I was just wondering if there is anyone from Greece out there. I am looking for a recipe for a cookie from Greece. A wonderful woman use to make them for us when we were kids. She called them kaludias. I am not sure of the spelling, but it was the best cookie ever in the world. I remember she always said they took a very long time to make. Thank you in advance for any help that you can provide.
By Mary from Romulus, MI
Maybe one of these will be what you're looking for.
Both recipes came from Cooks.com.
Koulouria Greek Cookies
4 lg. eggs, 1 beaten for basting cookies before baking
1 stick butter
1 stick butter
1 tbsp. Crisco shortening
1/4 c. peanut or Mazola oil
1/4 c. evaporated milk
1 1/2 c. sugar
2 tsp. baking powder
2 1/2 to 3 c. flour
1 to 1 1/2 tsp. vanilla
Separate the whites from the 3 eggs and beat well in a small bowl.
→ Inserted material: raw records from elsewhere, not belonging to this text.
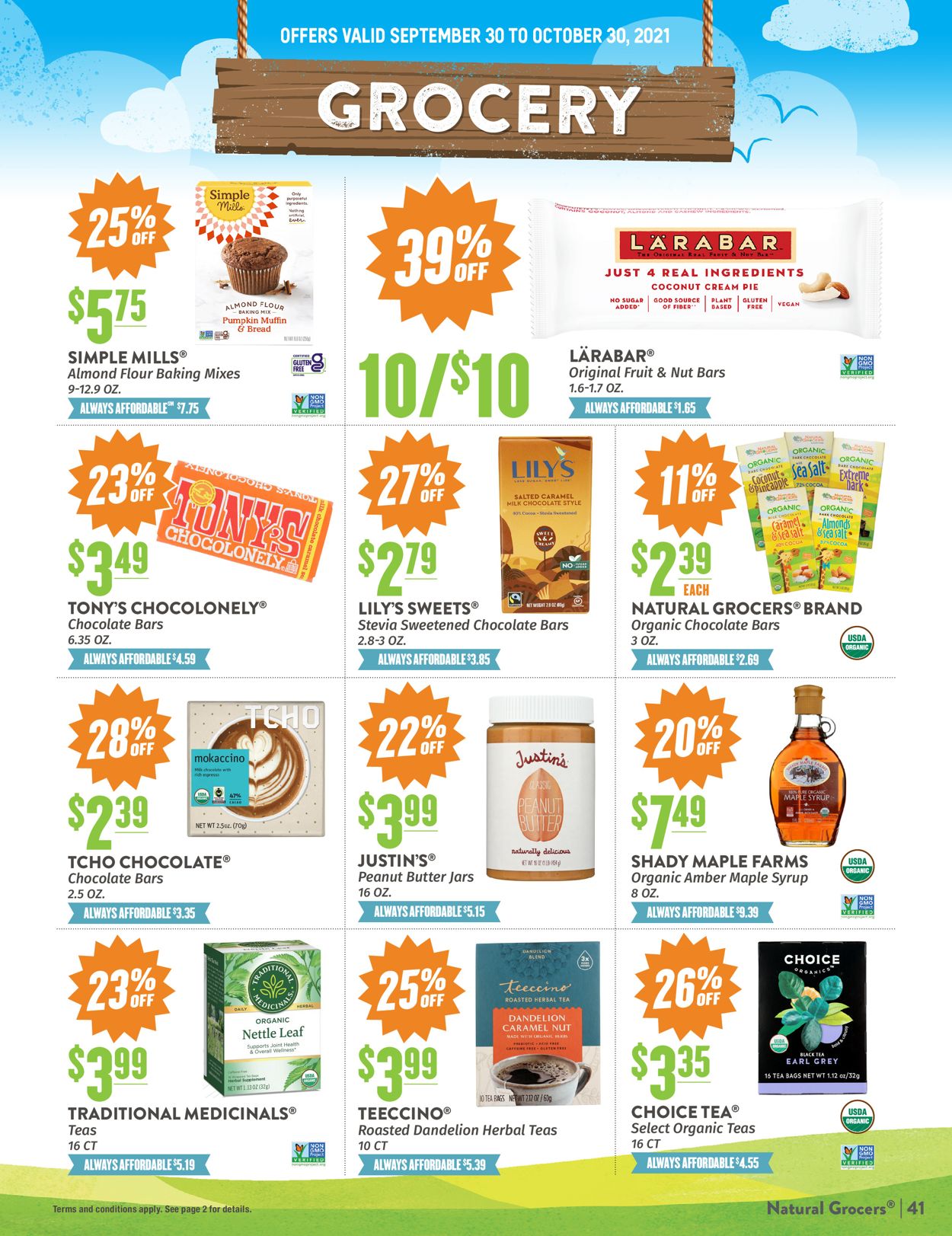 Catalogue Natural Grocers from 09/30/2021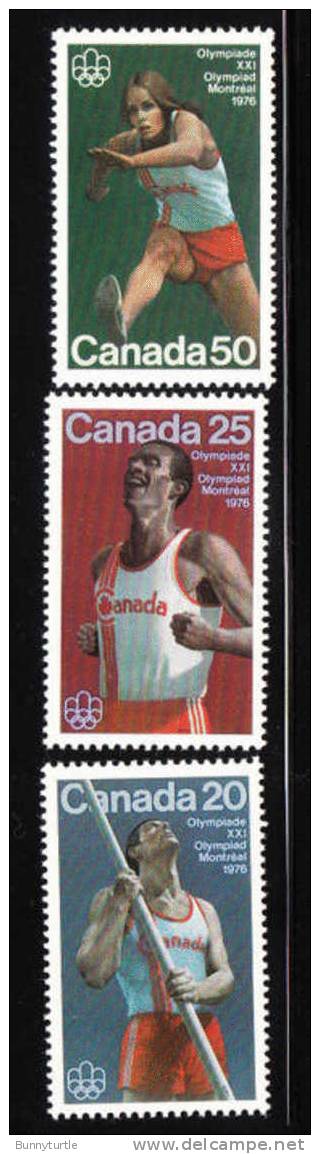 Canada 1975 21st Olympic Games Montreal Hurdling Pole Vaulting MNH - Ete 1976: Montréal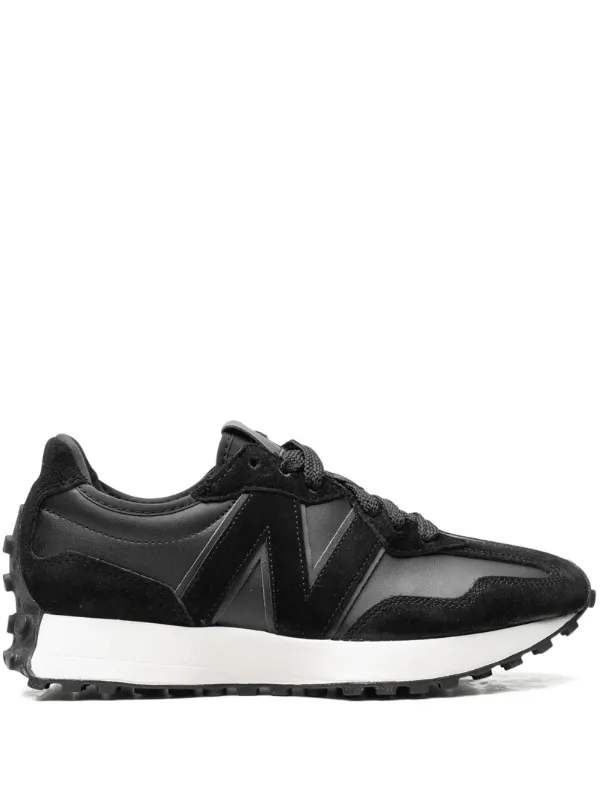 New balance 327 suede trainers black online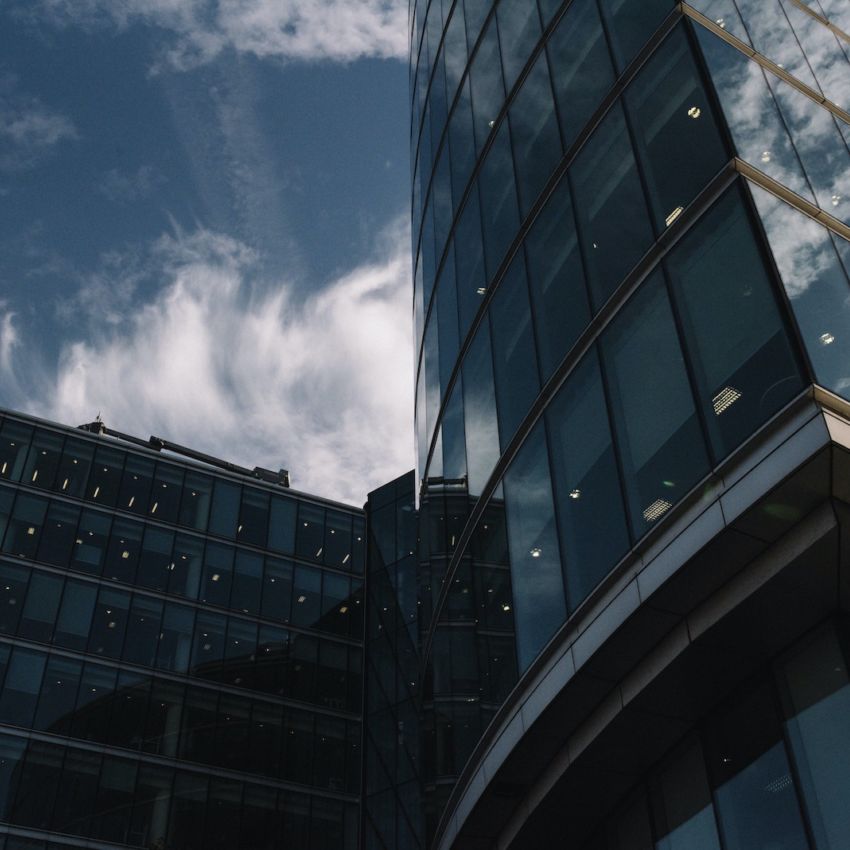 More London Buildings with sky reflection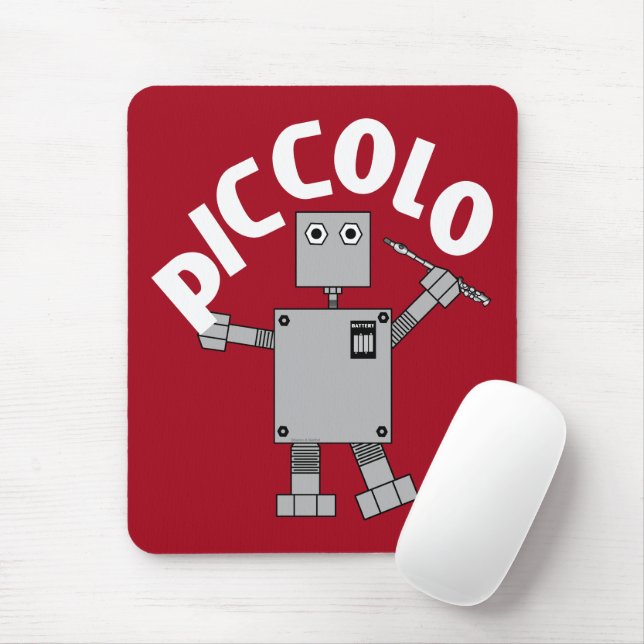 Piccolo Robot Text Mouse Pad (With Mouse)
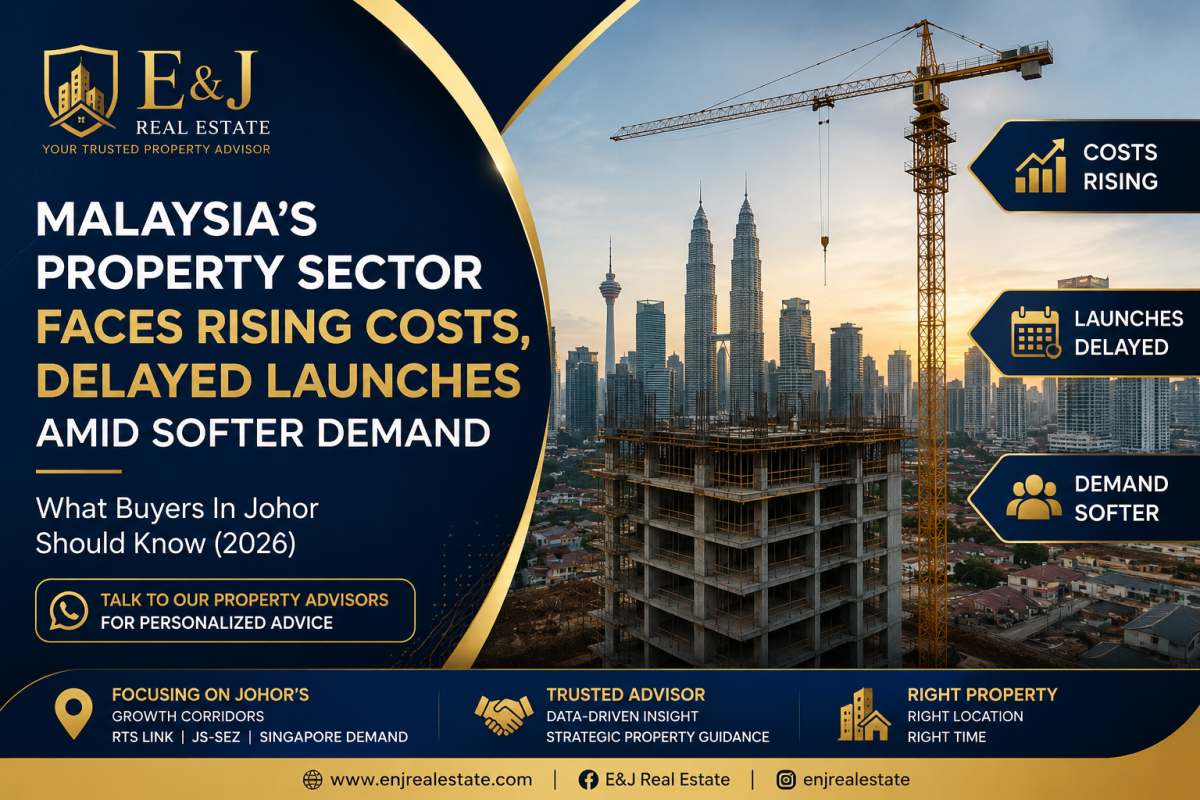 Malaysia's Property Sector Faces Rising Costs & Delayed Launches: What Johor Buyers Should Know (2026)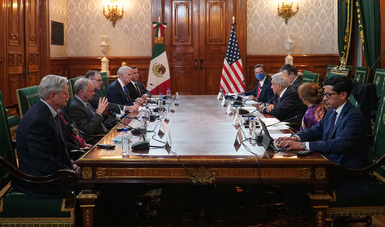 Presidente López Obrador recibe a delegación bipartidista de senadores de Estados Unidos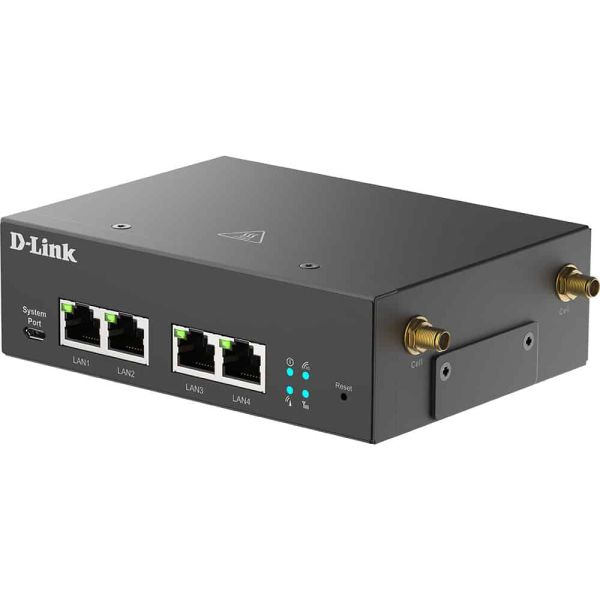 D-Link DWM-314-G bedrade router 4 Gigabit Ethernet Zwart (DWM-314-G)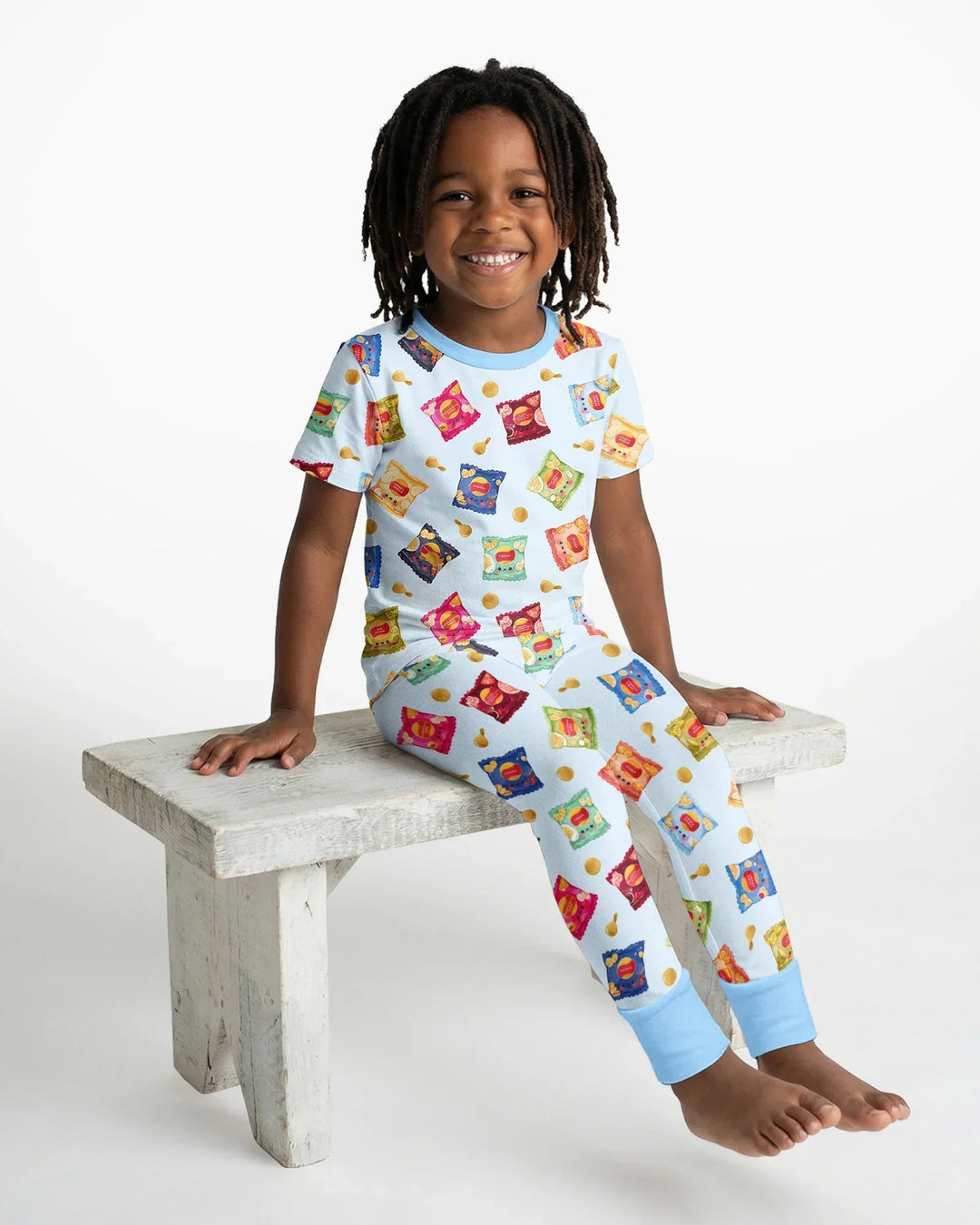 Zweiteiliges, kurzärmliges Pyjama-Set mit Marienkäfern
In a large bowl, beat the remaining yolks, sugar, shortening, butter, butter, milk, oil, and spice for about 5 minutes at high speed with an electric beater or by hand until creamy.
Then add the beaten egg whites and mix by hand until smooth. Slowly sift in the flour and baking powder and mix in by hand until workable - but not too dry. Form the dough into shapes (braids, twists, etc.); place onto an ungreased pan or cookie sheet. Beat the remaining egg and brush lightly over the cookies. Bake at 350 degrees for 15-20 minutes until golden brown.
Greek Koulourakia Cookies
1/2 lb. butter
1 c. yellow Crisco
1 c. orange juice or milk
2 3/4 c. sugar
3 tsp. baking powder
2 tsp. baking soda
2 tsp. vanilla
Flour to make soft dough but not sticky.
Shape cookies in twist. Brush with beaten egg yolk and sprinkle sesame seeds on top. Now that's the Greek way. You can just frost the cookies also. Bake at 375 degrees F for 12-15 minutes. Makes a lot.
Mary, can you tell me what it looked like, or tasted like? Is it the cookie that has powdered sugar on it, and it' round?
I was married to a Greek guy and I bake and still cook some Greek dishes.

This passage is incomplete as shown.